_REQUIRED WORK_
All of the data, except its images, should be set down exactly as it appears.

━━━ SUPPLIED MATERIAL

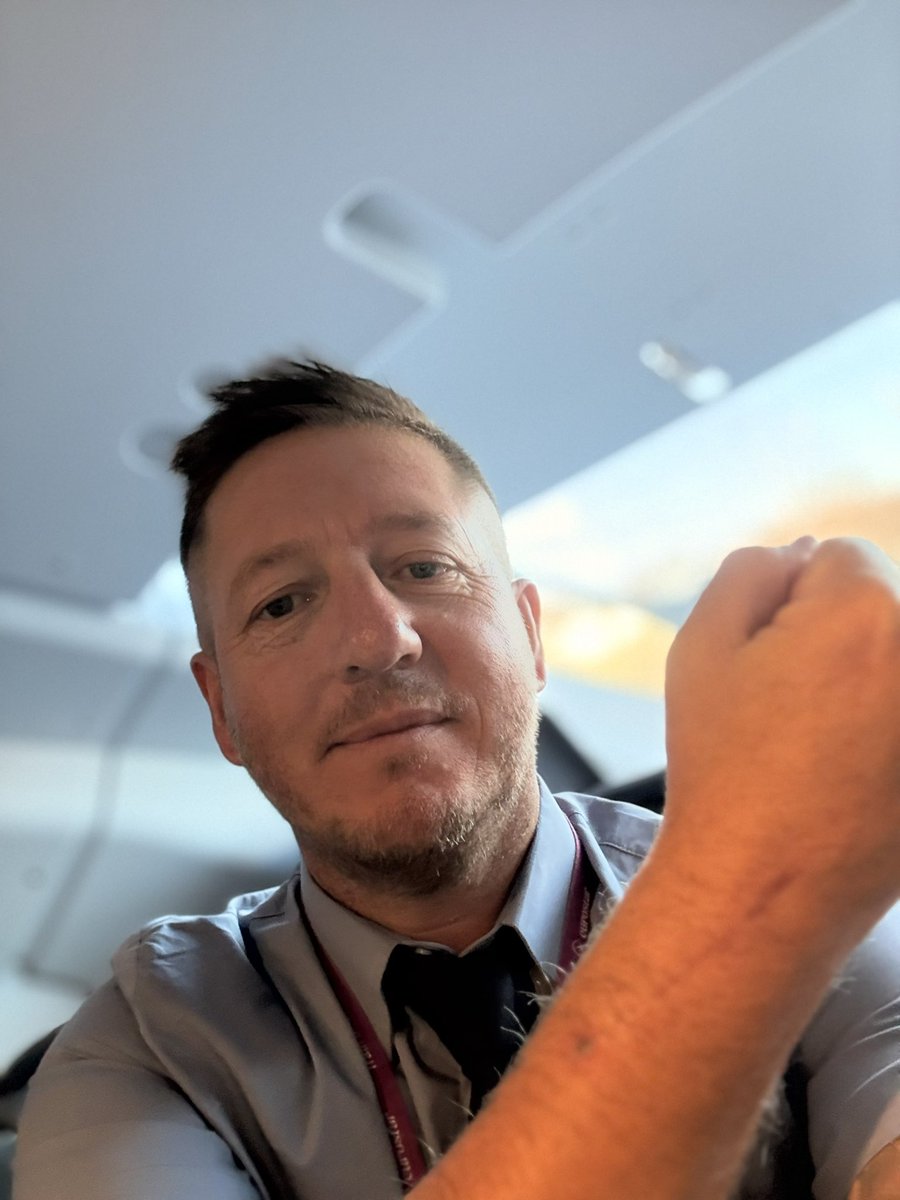 eurostarjames's tweet photo. 9 weeks later, and with a shiny new scar, I'm finally back in the hot seat... #ES9142 to Brussels π
Oui, I'm happy to be back πππ
#Eurostar https://t.co/ItFGFk0jYe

━━━━━━

_RESPONSE TO THIS EXERCISE_
 eurostarjames's tweet photo. 9 weeks later, and with a shiny new scar, I'm finally back in the hot seat... #ES9142 to Brussels π
Oui, I'm happy to be back πππ
#Eurostar https://t.co/ItFGFk0jYe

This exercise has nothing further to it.